Economic powers Japan, China and South Korea decided to take a role in the fledgling currency protection scheme adopted two months ago by the 10-member Association of Southeast Asian Nations, part of a wider aspiration to create a more united Asia on the world economic stage.
The agreement, dubbed the Chiang Mai Initiative after this city in northern Thailand, will lead to the countries swapping their currencies with each other in a repurchase scheme that would be unholstered in the event of speculative attacks or other currency problems.
The finance ministers of the Southeast Asian nations and the three Northeast Asian giants met on the sidelines of the annual meeting of the Asian Development Bank, a Manila-based institution some Asian officials would like to see become a lender of last resort to troubled nations.

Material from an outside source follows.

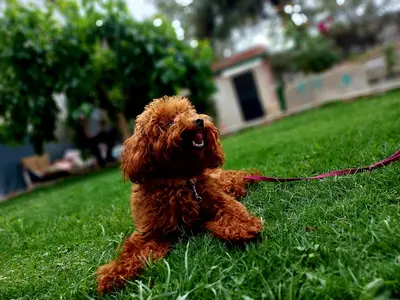 Atos Pati Köpek Oteli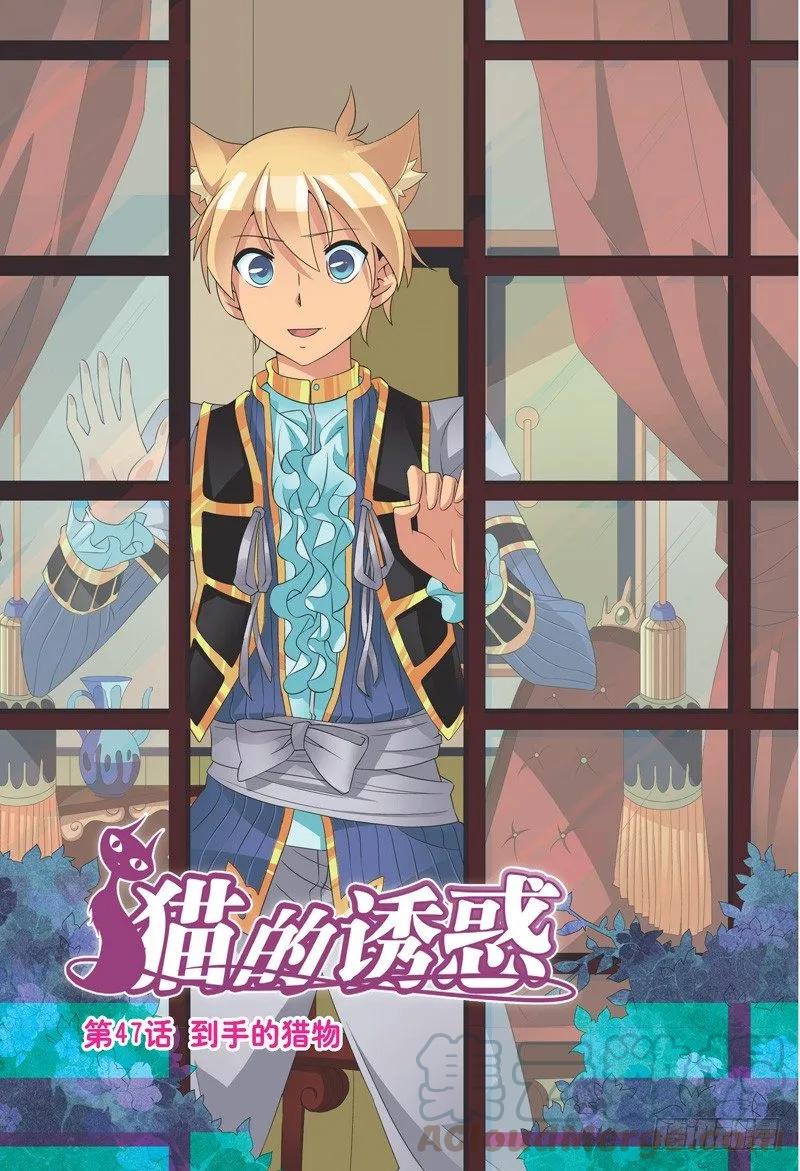 《猫的诱惑·漫画版》第139话 第1页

In a statement afterward, the ministers said the currency-swap arrangement would help get a better grip on capital flows and establish "a well-coordinated economic and financial monitoring system in East Asia."
It would complement existing international facilities, the statement said, acknowledging the likely opposition from the United States if a deal eventually led to an attempt to replace the Washington-based International Monetary Fund.
Japan's proposal to create an Asian monetary fund when the economic crisis erupted in 1997 was shot down by Washington, but support for one in Asia stayed strong after the IMF was judged by many countries - and its own experts - to have responded badly and making the recession worse.